After a decent session yesterday, European markets opened sharply lower today after US investors threw their collective toys out of the pram when it was reported that the US had seen its first omicron variant case.
As a result of last night’s surprise sell-off, today’s price action has been a much more of a mixed bag as European investors try and adopt a more pragmatic and measured approach to news flow around the spread of the new variant, which in turn is overshadowing what is slowly becoming a serious health emergency in Germany, with respect to Delta.
The danger is that with all the hysteria and noise around Omicron, the Delta variant is still more prevalent and continues to wreak havoc across Europe, as well as bringing the health service in Germany to its knees.
This may help explain why the DAX is struggling after reports that unvaccinated people in Germany will face strict restrictions on their movements, with only vaccinated people allowed into restaurants, cinemas, and non-essential stores, in a move that smacks of vaccine apartheid. It also appears to be a stepping-stone to compulsory vaccination, which is set to be voted upon in the coming days.
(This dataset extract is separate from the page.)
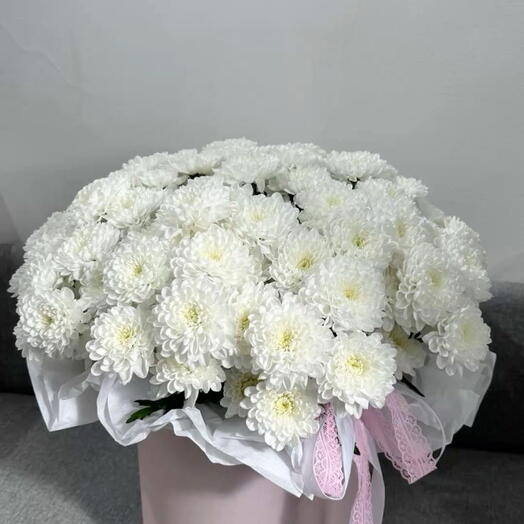 FloWers24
The FTSE100 has been slightly more resilient and has managed to pull off its opening lows, despite a similarly negative start, though the outperformance has once again been skewed by the oil and gas sector, with BP and Shell moving higher, despite a slide in oil prices.
In a piece of positive news GlaxoSmithKline announced today that its covid antibody drug Sotrovimab retained its efficacy against several key mutations on the Omicron variant. This news appears to have been greeted with a collective shrug on the part of investors.
Airlines have had an altogether more positive day with Wizz Air announcing its latest passenger numbers for November, which showed a load capacity of 76.1%, or 2.17m passengers, a big increase from the same month last year. easyJet shares have also edged higher.
Royal Mail is lower as it trades ex-dividend.
Darktrace shares are also lower as it gears up for relegation from the blue-chip index in the next quarterly reshuffle.
US markets opened mixed but have moved higher after yesterday’s sharp selloff with sentiment continuing to remain remarkably fickle. Weekly jobless claims came in at 222k, a slight increase on 194k the week before, while continuing claims slipped below the 2m mark.
Apple shares have slipped back after the tech giant warned that demand for its iPhone 13 has slowed despite the upcoming holiday season which generally tends to see strong demand. Earlier this year Apple announced it was cutting iPhone 13 production by 10m units due to chip shortages, and it now looks as if demand for the new phone has been lower in the leadup to Christmas. This shouldn’t be too much of a surprise, however with all the other upgrades Apple has brought out recently including its new MacBook’s the company is still expected to see Q1 revenues of $117.9bn which would be a record.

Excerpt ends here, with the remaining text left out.